Lors de votre mariage, dans ma colère contre M. d'Osmont, j'avais écrit une lettre terrible à lord Castlereagh, Charles l'a trouvée trop forte et l'a jetée au feu, il a bien fait, mais je n'en ai pas écrit une seconde, et à cette gracieuse occasion du Camoëns, (si vous jugez que je ferais bien de lui envoyer) j'écrirai peut-être un billet un peu plus doux.
Adieu, ma chère fille, croyez que je désire bien vivement vous voir, et passer quelques mois avec vous, aimez-moi un peu, car mon coeur vous chérit et vous bénit comme si vous étiez ma vraie fille. Mille hommages de mon mari, il dit qu'il ne désire plus qu'une seule chose, mais qu'il vous la laisse à deviner.
Actuellement, je parle à Charles.
Mon bon et cher enfant, ta lettre du 1er octobre m'a fait un sensible plaisir et papa a presque pleuré en lisant les lignes où tu parles de cette petite faveur qu'il a reçu de son pays. Ce n'est qu'une justice qu'on lui a rendue, mais dans le meilleur des mondes , la justice est encore plus rare que la faveur.
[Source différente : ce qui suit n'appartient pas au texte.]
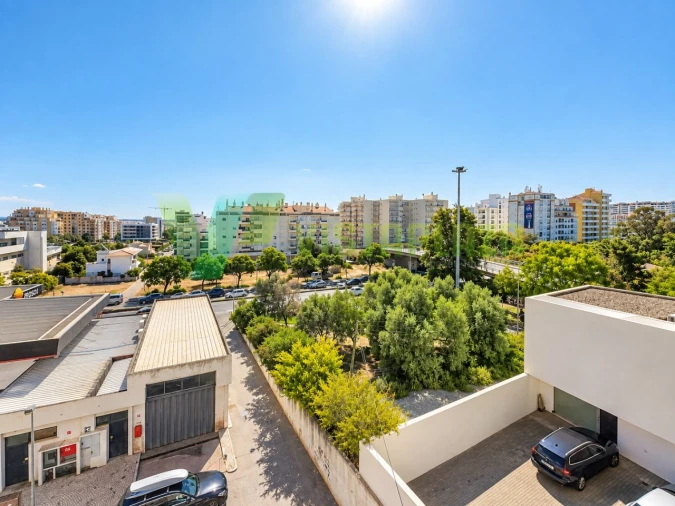 Apartamento T3 para Venda em Portimão Foto 13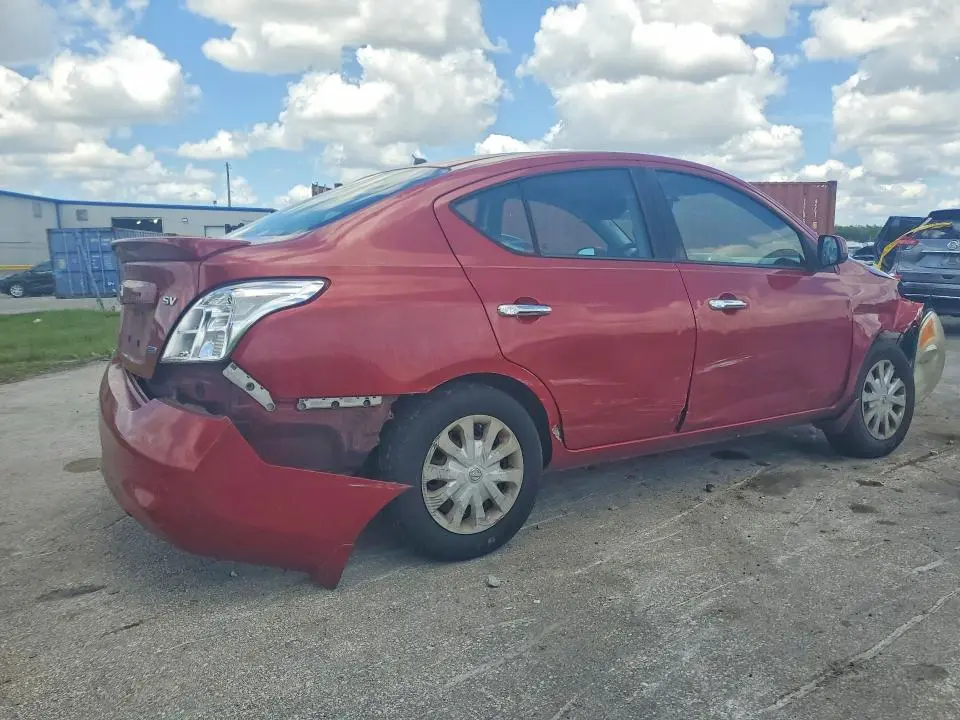 2014 NISSAN VERSA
Je ne puis te dire avec quel plaisir j'attends la visite de Palemella avec sa famille, de Louis avec la sienne, et comme je serais heureuse que Charles et sa femme fussent des nôtres, mais tout le monde dit que votre séjour en Ecosse encore cette année est un trait de sagesse qui vous fera aimer de tous les Ecossais, et doit faire impression à lord K. alors je te regretterai sans désirer que tu reviennes et lorsque Louis sera bien établi à Londres, c'est nous qui irons te chercher , en attendant, papa compte lui proposer d'occuper ton appartement pendant qu'il sera ici. Ce sera pour Sally (dit-elle) un fier crève-coeur que ce ne soit pas toi et ta femme. Lady W. Russell avance dans sa grossesse. Ils sont à Cambray .

C'est mercredi 15 que Nonore doit être jugée à Lyon. Dieu veuille qu'il en soit de cette affaire comme de l'épingle noire.
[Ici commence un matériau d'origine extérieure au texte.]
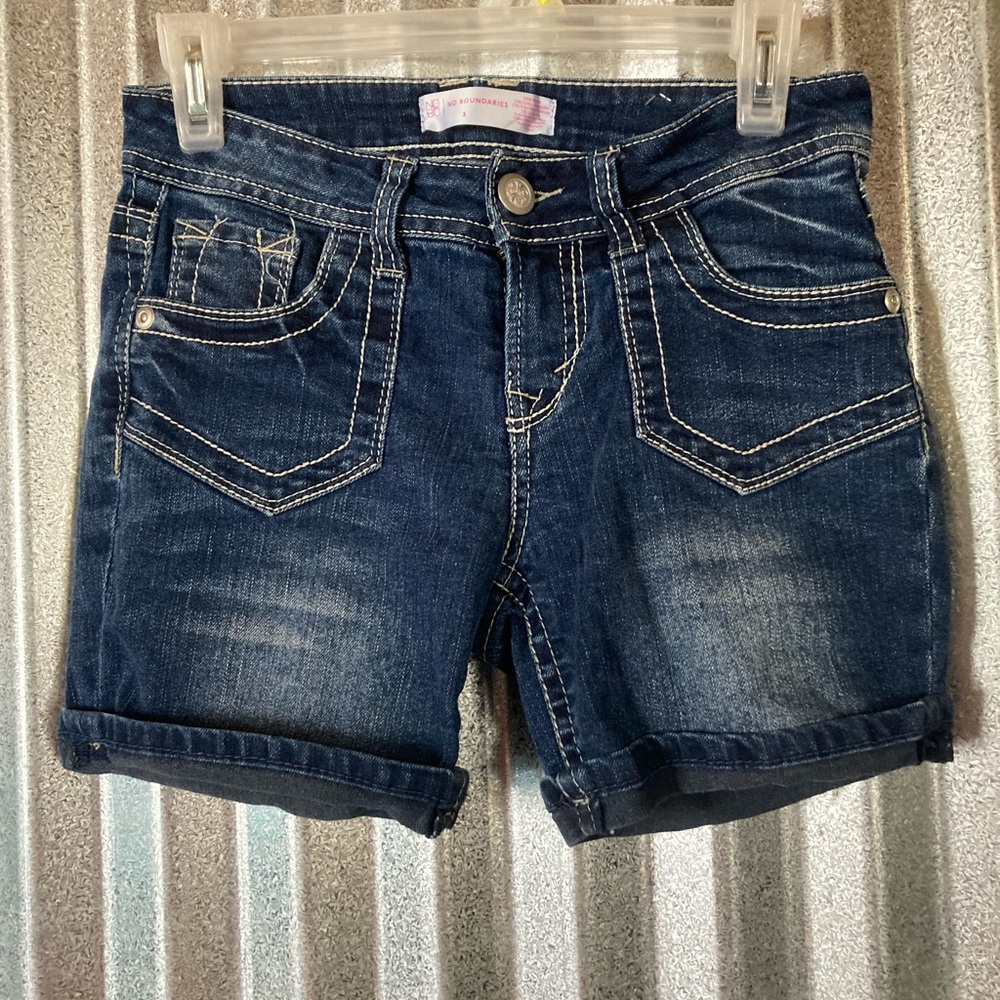 No Boundaries blue jean shorts size 3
Vous occupez-vous autant en Angleterre de l'affaire de Rhodès qu'on le fait ici , on ne parle d'autre chose.
Mon bon, mon cher enfant, je t'embrasse et t'aime de toutes les forces de mon âme.
Ceci est à M. Frecki : Mon cher comte Frecki, que je suis aise de vous savoir chez mes enfants, donnez-moi de leurs nouvelles et des vôtres, il y a si longtemps que vous ne m'avez écrit ! et vos lettres ont été ma meilleure consolation dans le temps où Charles était jeune et maigre. Parlez-de nous à lord et lady Grey, croyez que nous nous verrons ici avec une affection toute maternelle , je ne puis rien dire de mieux. God bless you et malgré votre répugnance à écrire, soyez bon comme vous l'avez toujours été pour moi, et parlez-moi en grands détails, de vous et de mes enfants . Que je voudrais vous tenir ici.
Mme S.Antonio est ici elle est venue, je n'y étais pas.
Lady ... m'a prié de t'écrire qu'elle trouve ton portrait très ressemblant.